Personal information
- Full name: José María Barril Aguado
- Date of birth: 25 April 1992 (age 32)
- Place of birth: Madrid, Spain
- Height: 1.84 m (6 ft 0 in)
- Position(s): Winger, attacking midfielder

Team information
- Current team: San Sebastián
- Number: 14

Youth career
- 1999–2011: Real Madrid

Senior career*
- Years: Team / Apps / (Gls)
- 2011–2013: Real Madrid C / 38 / (7)
- 2013–2014: Ontinyent / 1 / (0)
- 2014–2016: Harrisburg City Islanders / 77 / (11)
- 2017–2018: Oklahoma City Energy / 62 / (3)
- 2019–2020: Coruxo / 35 / (0)
- 2020–: San Sebastián / 14 / (0)

= José Barril =

Spanish footballer

José María Barril Aguado (born 25 April 1992) is a Spanish football player who plays for UD San Sebastián de los Reyes in the Segunda División B.

==Career==
Barril played youth soccer with Real Madrid from seven years old and spent time with the club's 3rd team Real Madrid C between 2011 and 2013 despite having grown up in an Atlético de Madrid family.
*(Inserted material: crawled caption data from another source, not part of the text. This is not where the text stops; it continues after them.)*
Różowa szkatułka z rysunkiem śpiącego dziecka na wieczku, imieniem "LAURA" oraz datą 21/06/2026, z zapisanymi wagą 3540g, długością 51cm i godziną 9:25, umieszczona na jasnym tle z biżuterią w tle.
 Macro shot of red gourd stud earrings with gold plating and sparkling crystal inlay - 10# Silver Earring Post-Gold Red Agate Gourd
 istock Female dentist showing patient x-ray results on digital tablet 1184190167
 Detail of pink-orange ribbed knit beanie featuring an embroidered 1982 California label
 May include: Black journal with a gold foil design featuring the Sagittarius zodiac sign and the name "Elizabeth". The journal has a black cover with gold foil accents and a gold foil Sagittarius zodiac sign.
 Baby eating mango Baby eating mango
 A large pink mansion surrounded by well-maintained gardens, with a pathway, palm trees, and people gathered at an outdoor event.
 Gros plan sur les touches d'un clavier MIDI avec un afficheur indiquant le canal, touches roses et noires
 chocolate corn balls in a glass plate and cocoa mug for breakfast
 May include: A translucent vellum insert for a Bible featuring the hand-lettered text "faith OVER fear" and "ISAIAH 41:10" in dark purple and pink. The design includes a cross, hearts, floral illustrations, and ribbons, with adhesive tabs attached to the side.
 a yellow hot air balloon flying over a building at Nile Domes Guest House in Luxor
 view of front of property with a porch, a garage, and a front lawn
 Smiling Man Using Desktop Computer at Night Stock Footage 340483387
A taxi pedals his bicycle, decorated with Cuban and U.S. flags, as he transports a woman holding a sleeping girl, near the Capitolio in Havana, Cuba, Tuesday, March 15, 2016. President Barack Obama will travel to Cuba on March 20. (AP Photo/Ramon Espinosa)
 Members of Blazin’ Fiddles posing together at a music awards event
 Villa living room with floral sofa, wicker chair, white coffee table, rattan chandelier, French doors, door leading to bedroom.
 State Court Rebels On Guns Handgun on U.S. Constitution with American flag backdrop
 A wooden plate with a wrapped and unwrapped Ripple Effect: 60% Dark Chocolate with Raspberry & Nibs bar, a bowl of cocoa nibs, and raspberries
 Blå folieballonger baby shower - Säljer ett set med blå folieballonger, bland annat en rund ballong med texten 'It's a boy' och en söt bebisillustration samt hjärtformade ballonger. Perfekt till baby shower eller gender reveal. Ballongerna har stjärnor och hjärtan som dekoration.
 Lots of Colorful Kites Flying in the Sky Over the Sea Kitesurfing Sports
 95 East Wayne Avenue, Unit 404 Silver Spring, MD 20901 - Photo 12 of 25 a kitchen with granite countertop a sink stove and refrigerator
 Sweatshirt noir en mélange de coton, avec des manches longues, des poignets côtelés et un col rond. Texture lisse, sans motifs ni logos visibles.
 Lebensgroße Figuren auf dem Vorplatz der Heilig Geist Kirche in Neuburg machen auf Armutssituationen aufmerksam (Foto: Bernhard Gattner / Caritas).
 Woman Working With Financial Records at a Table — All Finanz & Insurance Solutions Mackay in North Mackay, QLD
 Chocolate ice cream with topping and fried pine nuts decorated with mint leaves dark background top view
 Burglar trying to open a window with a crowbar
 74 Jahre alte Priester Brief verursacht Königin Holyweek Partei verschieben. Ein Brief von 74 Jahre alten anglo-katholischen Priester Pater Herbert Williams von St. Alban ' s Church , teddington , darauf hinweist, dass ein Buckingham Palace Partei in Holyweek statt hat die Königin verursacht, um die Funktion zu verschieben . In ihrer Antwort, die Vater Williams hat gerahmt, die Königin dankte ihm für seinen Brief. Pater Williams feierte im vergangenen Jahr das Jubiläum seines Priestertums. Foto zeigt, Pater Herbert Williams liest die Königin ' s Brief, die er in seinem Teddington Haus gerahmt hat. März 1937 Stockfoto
After his release from Real Madrid, Barril spent two weeks with third-tier Spanish club Ontinyent CF, before signing with third-tier United States club Harrisburg City Islanders of the USL Pro.

After two seasons with Oklahoma City Energy, Barrill and Oklahoma mutually agreed to terminate his contract on 22 January 2019. He returned to Spain to sign for Segunda División B side Coruxo FC.